Yes, the GT-R LM may have finished last overall - behind even the amateur GT drivers, including Grey’s Anatomy actor Patrick Dempsey - but this was mostly down to reliability, not pace. All cars spent a significant amount of time in the garage with braking issues (some of which were caused by the absence of the hybrid system which would have been harvesting from the front axle), suspension problems, an animal which got in the way of the #22 car, and other complications.
The reason for much of these reliability problems, stray animals aside, leads us neatly on to point number 3:
Porsche may have rocked up and challenged for the lead at last year’s race - its first effort as an LMP1 team in years - but in development terms, Nissan is months behind where the German manufacturer was back then. Failing a crash test earlier in the year particularly hampered Nissan, and the team ended up pulling out of the first two races of the 2015 World Endurance Championship at Silverstone and Spa Francorchamps.
Also, you just have to look at what Nissan is trying to develop here. It’s so radically different to anything else in the field. Porsche’s 919, on the other hand, uses the familiar mid/rear engine plus four-wheel drive approach which Audi has used to great success over the years.
What the team needs desperately, is more time spent testing…
…which is exactly what it got at Le Mans. The Nissan team has been pretty clear - both before and after the race - that Le Mans this year is essentially one big and very public testing session.
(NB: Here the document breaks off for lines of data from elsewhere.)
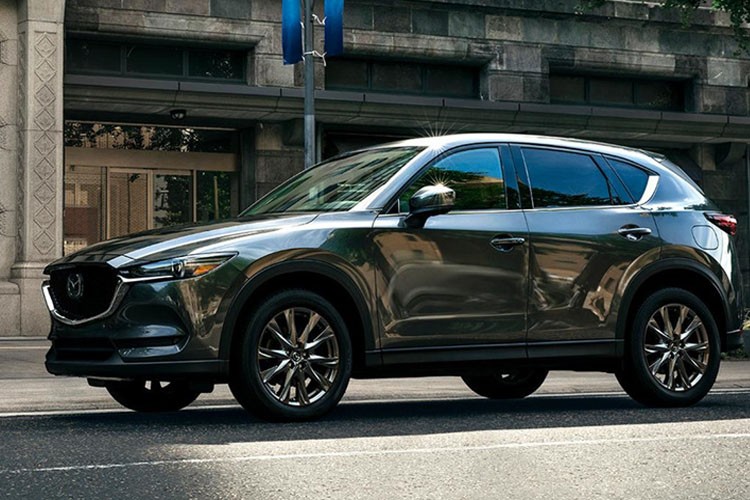 Mazda CX-5 Signature 2019 ban cao cap gia 860 trieu dong-Hinh-2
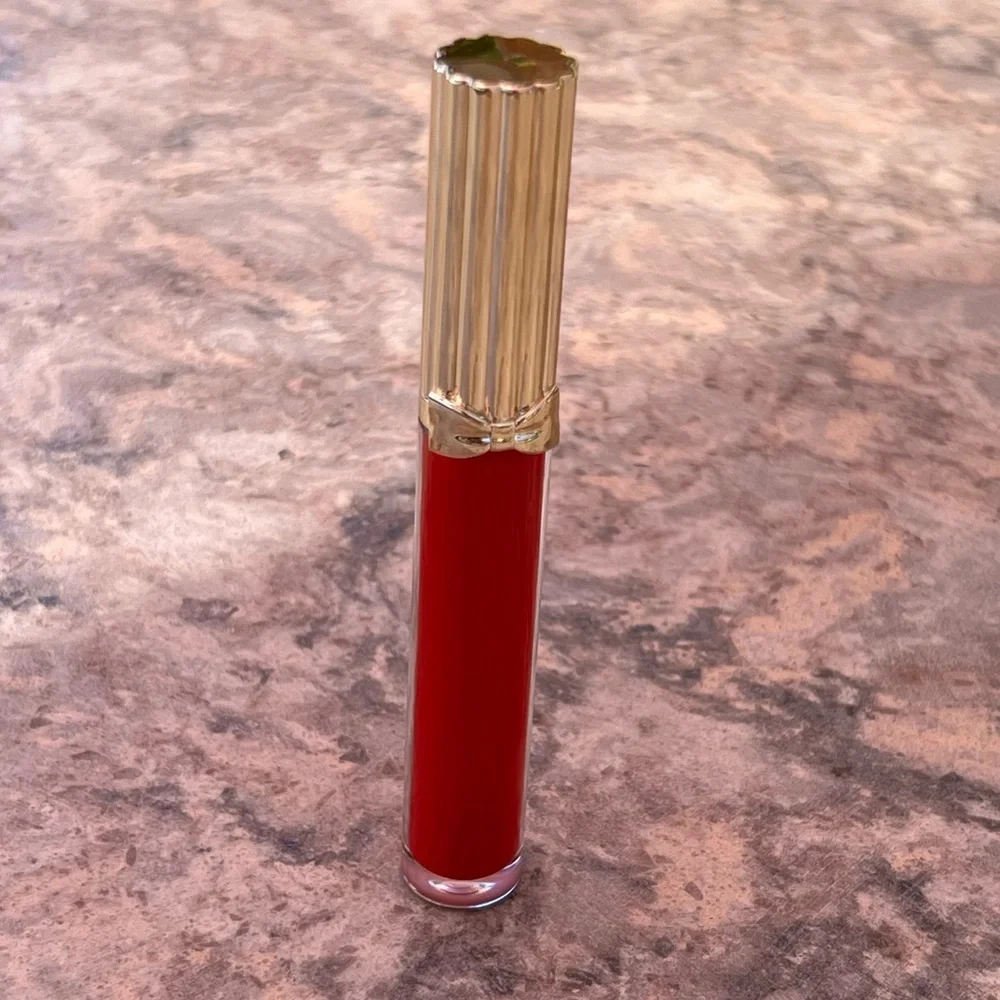 ESTEE LAUDER PURE COLOR ENVY LIP GLOSS TENDER TRAP 107 bc9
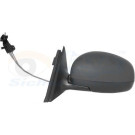 2 x VAN WEZEL Außenspiegel | 7627813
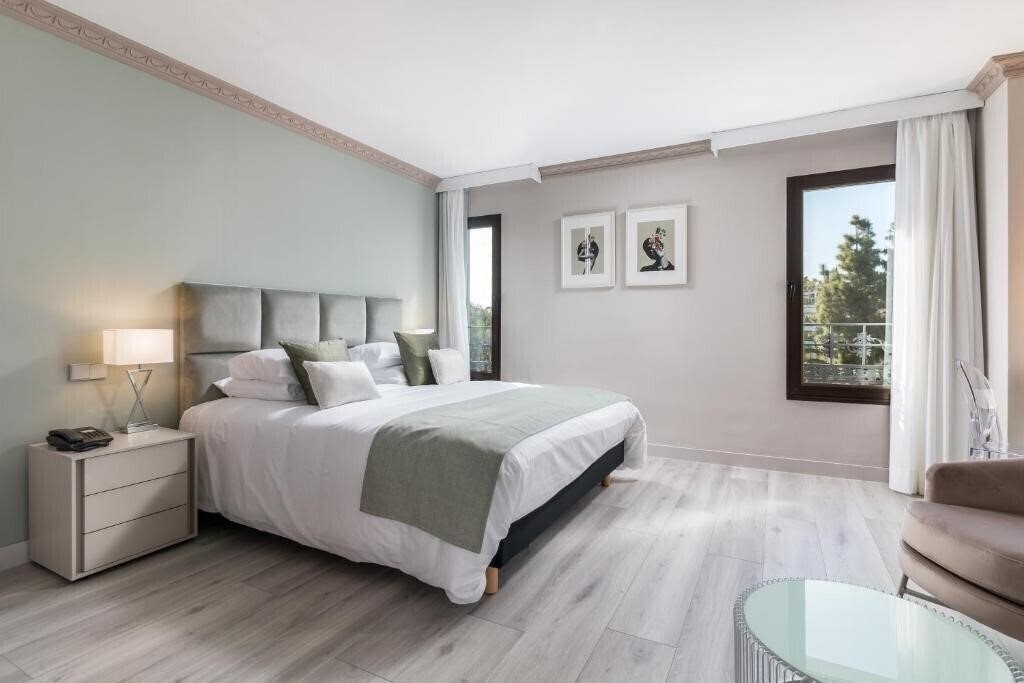 Изображение Boutique Hotel Puerto Banus B51 4*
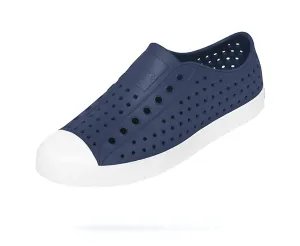 Men's Jefferson Regatta Shoes In Blue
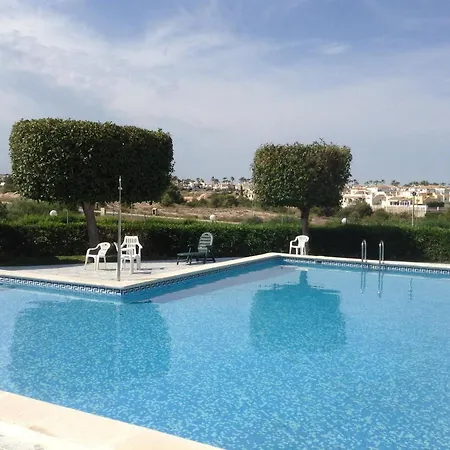 Calle Jose Maria Sicilia 466 Appartement *
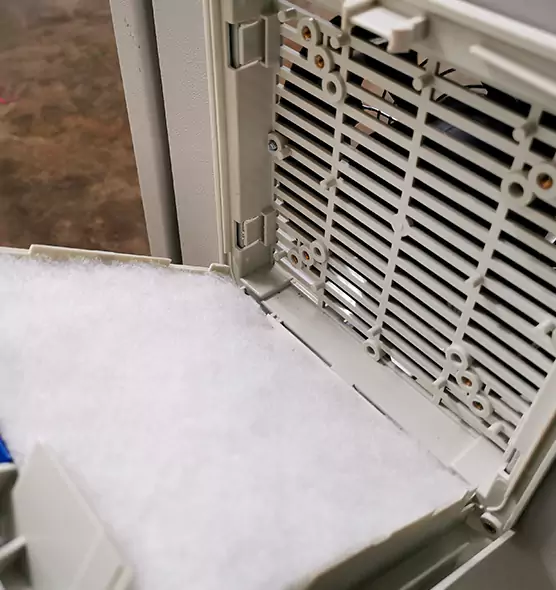 Professional Dryer Vent Mold Cleaning in Watertown, SD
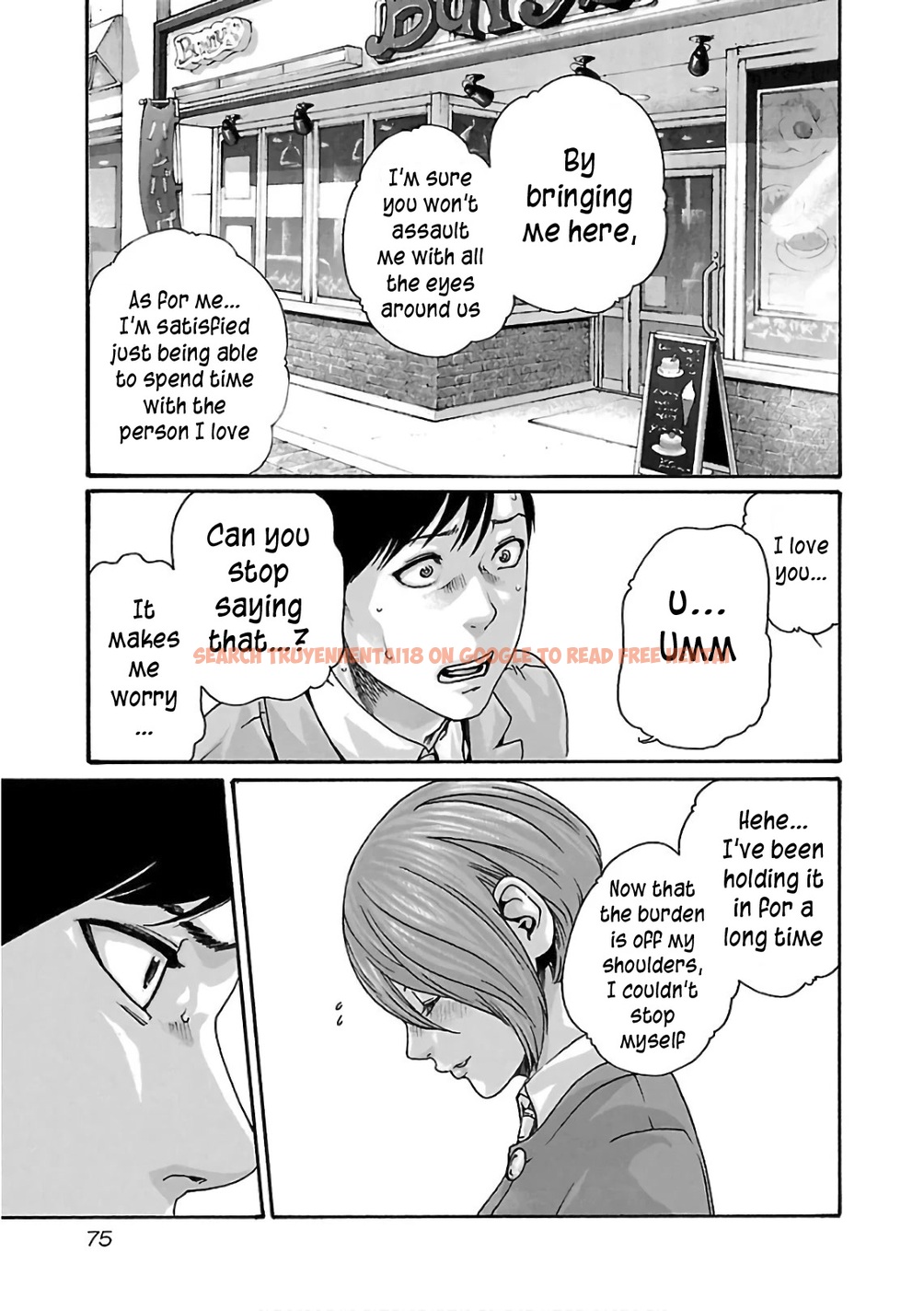 Read Hentai Image 14 5200e in comic Sense - Chapter 96 - hentaitnt.net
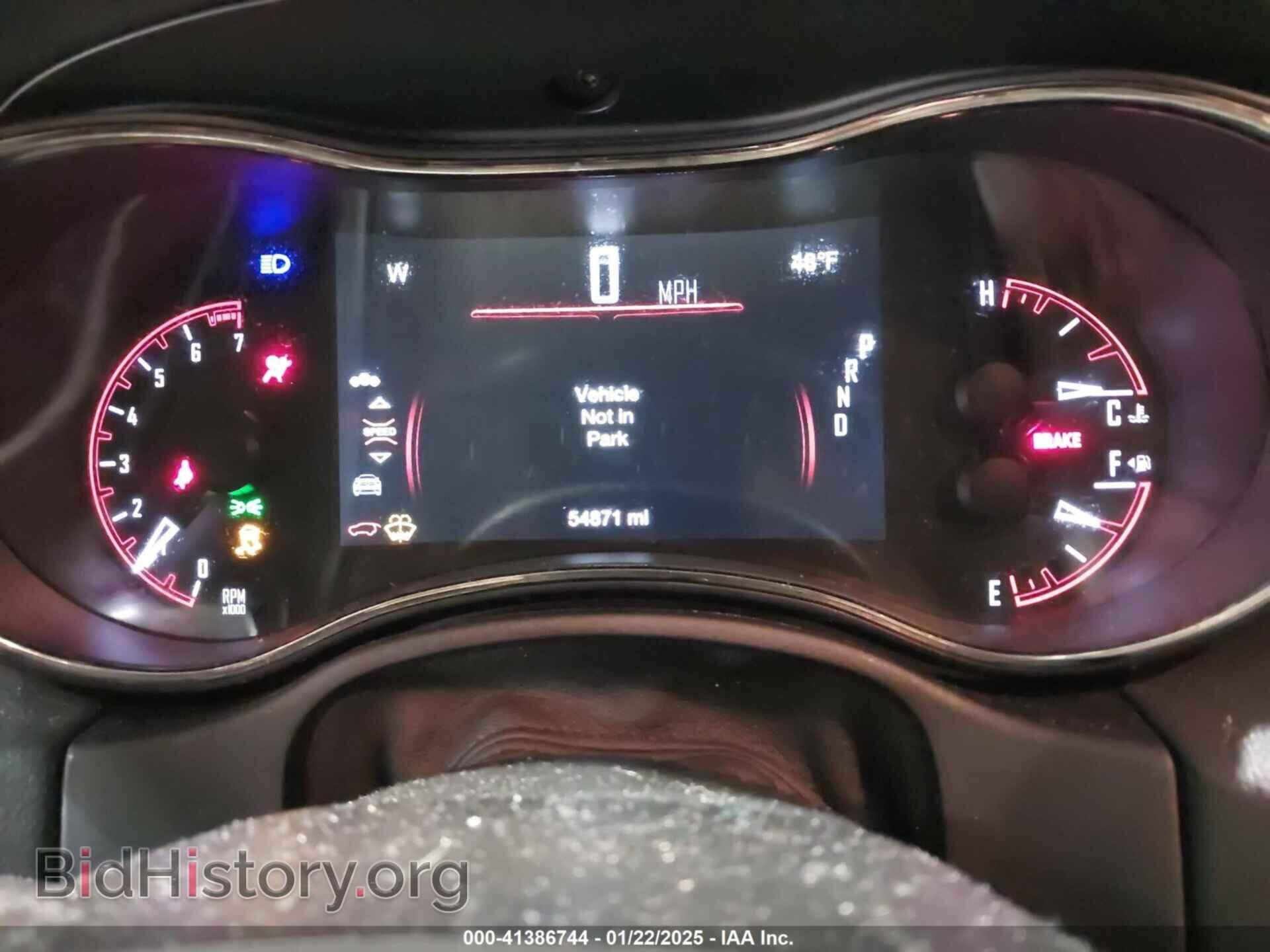 2018 DODGE DURANGO - VIN: 1C4RDJDG0JC174398 - Photo 7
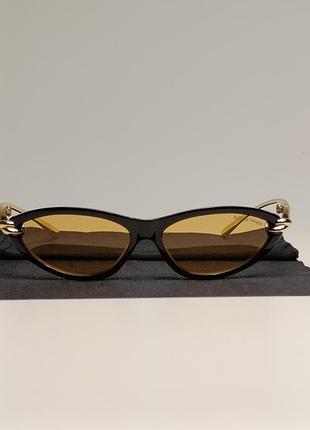 👓👓 солнцезащитные очки в изящной дизайнерской оправе 👓👓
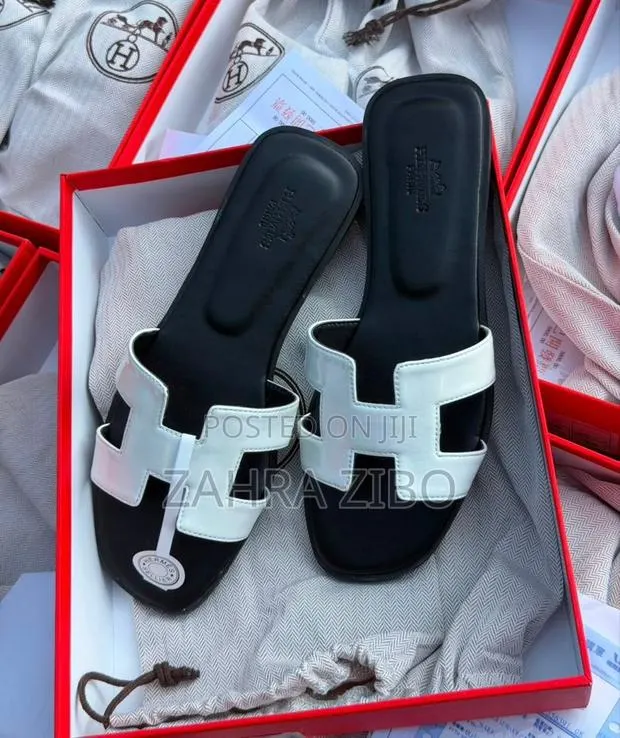 SHOESMAMI Gh/Ladies Flat and Heels Collection · Photo 1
When we were shown around the Nissan pit garage, a representative seemed unflustered by the cars running around in the mid table. Instead, he was gleefully telling us of the hundreds of miles-worth of testing data they’d been busy collecting with the three cars, all of which were then still running.
The the level of interest Nissan has created - and its openness about the project - shouldn’t be underestimated. Nissan’s brief for its new sports racing car was to not make “an Audi copy,” and what it’s come up with couldn’t be further from Audi Team Joest’s machine.
This idea of using the much more efficient frontal to do the bulk of the aero work, freeing up the rear end of the car to lower drag, is a fascinating one, and the way it’s being implemented is utterly daring.
I sincerely hope that the team is much closer to the front at La Sarthe next year, but even if the project ends in a few year’s time without a victory at motorsport’s most prestigious race, I don’t think I’ll be disappointed. The technical details are gold for motorsport geeks like me, and more importantly, doing something so differently should be celebrated.